Is there a more efficient way to count the number of lines?

It *might* be faster (by a constant) to perform a per-byte search (loop on Read); this could avoid intermediate string creation. — user2864740, Apr 01 '16 at 23:31
To avoid allocating and then throwing away a whole bunch of strings, it might be more efficient to call `file.Read()` and count the number of carriage-return and/or linefeed characters. — Michael Liu, Apr 01 '16 at 23:31
If you don't need the filecontents (other than the number of lines) you could remove the `string line` variable and just do `while (file.ReadLine() != null) nlines++;` — derpirscher, Apr 01 '16 at 23:32
@derpirscher While perhaps more clear of intent, it will have absolutely no bearing on the final speed. — user2864740, Apr 01 '16 at 23:35
Your code essentially counts the number of times that a pointer advances to the next 0×0A (since that also covers 0×0c and 0×0A combinations).
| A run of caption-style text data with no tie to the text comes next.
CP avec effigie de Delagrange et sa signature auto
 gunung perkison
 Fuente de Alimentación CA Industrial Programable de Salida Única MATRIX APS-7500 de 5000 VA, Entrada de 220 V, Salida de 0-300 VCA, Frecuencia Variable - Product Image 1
Run it as a raw pointer advancement while incrementing count and see if that improves efficiency over the StreamReader overhead. I'm rusty on this so I'm inviting review. — , Apr 01 '16 at 23:47

dreamlax · Accepted Answer · 2016-04-02T01:11:30.637

10

I'm just thinking out loud here, but chances are performance is I/O bound and not CPU bound. In any case, I'm wondering if interpreting the file as text may be slowing things down as it will have to convert between the file's encoding and string's native encoding. If you know the encoding is ASCII or compatible with ASCII, you might be able to get away with just counting the number of times a byte with the value 10 appears (which is the character code for a linefeed).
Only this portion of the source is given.